### Records for the exercise ###

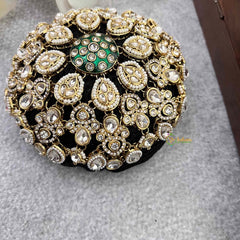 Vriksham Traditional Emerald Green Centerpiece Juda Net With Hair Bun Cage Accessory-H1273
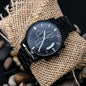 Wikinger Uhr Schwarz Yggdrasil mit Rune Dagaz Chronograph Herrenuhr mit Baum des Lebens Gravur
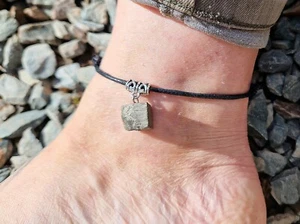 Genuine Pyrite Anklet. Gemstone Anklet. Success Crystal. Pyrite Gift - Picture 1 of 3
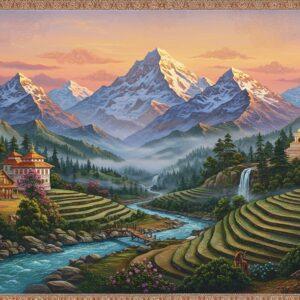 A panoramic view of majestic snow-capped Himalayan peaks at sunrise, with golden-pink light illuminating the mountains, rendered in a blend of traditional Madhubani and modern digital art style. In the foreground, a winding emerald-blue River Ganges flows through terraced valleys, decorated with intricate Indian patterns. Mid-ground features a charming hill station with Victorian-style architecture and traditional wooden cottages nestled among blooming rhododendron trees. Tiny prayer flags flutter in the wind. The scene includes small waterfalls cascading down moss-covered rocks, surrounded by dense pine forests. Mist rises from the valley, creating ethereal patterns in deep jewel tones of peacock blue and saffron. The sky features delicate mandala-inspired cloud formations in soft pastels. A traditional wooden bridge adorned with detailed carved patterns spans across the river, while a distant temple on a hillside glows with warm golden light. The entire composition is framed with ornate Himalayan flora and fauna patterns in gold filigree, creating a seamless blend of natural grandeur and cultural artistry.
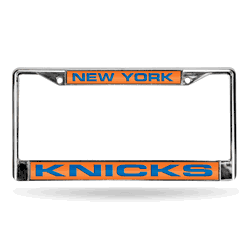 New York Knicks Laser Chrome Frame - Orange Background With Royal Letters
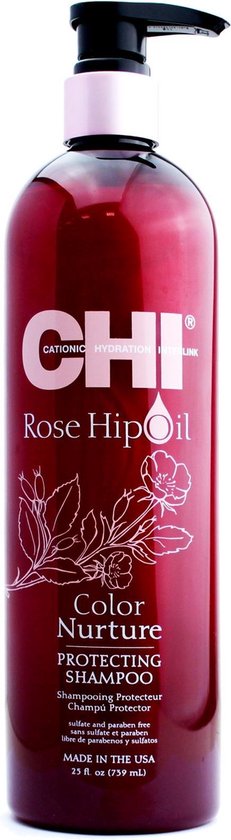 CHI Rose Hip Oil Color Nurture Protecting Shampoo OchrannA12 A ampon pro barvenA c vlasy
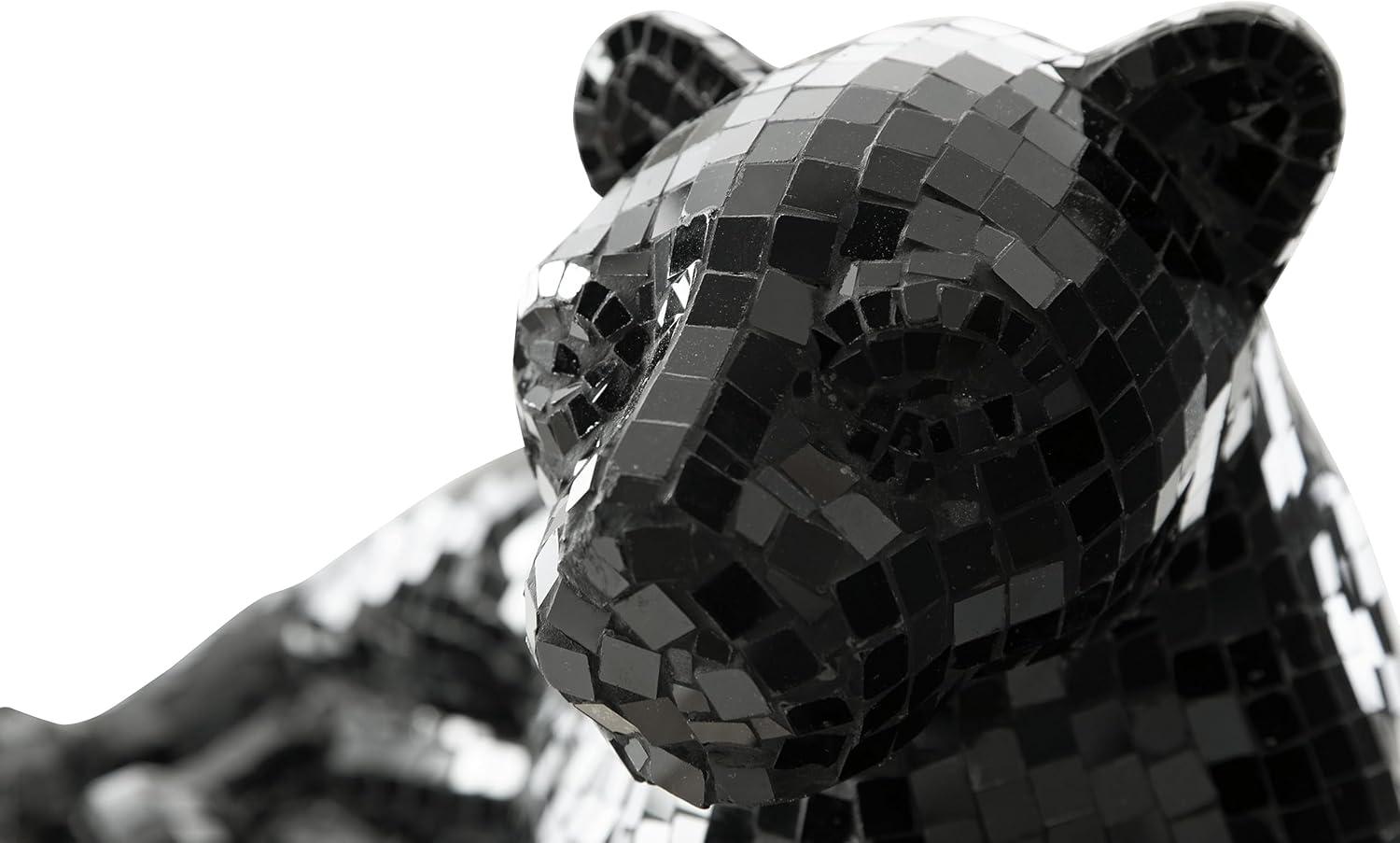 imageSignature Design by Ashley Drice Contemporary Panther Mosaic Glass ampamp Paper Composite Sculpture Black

###

Try it - Beginning at the line that has "Wikinger Uhr Schwarz" and ending at the line that has "Genuine Pyrite Anklet.", restate the listing above word for word, pictures left out.

Expected answer -
 Wikinger Uhr Schwarz Yggdrasil mit Rune Dagaz Chronograph Herrenuhr mit Baum des Lebens Gravur
 Genuine Pyrite Anklet. Gemstone Anklet. Success Crystal. Pyrite Gift - Picture 1 of 3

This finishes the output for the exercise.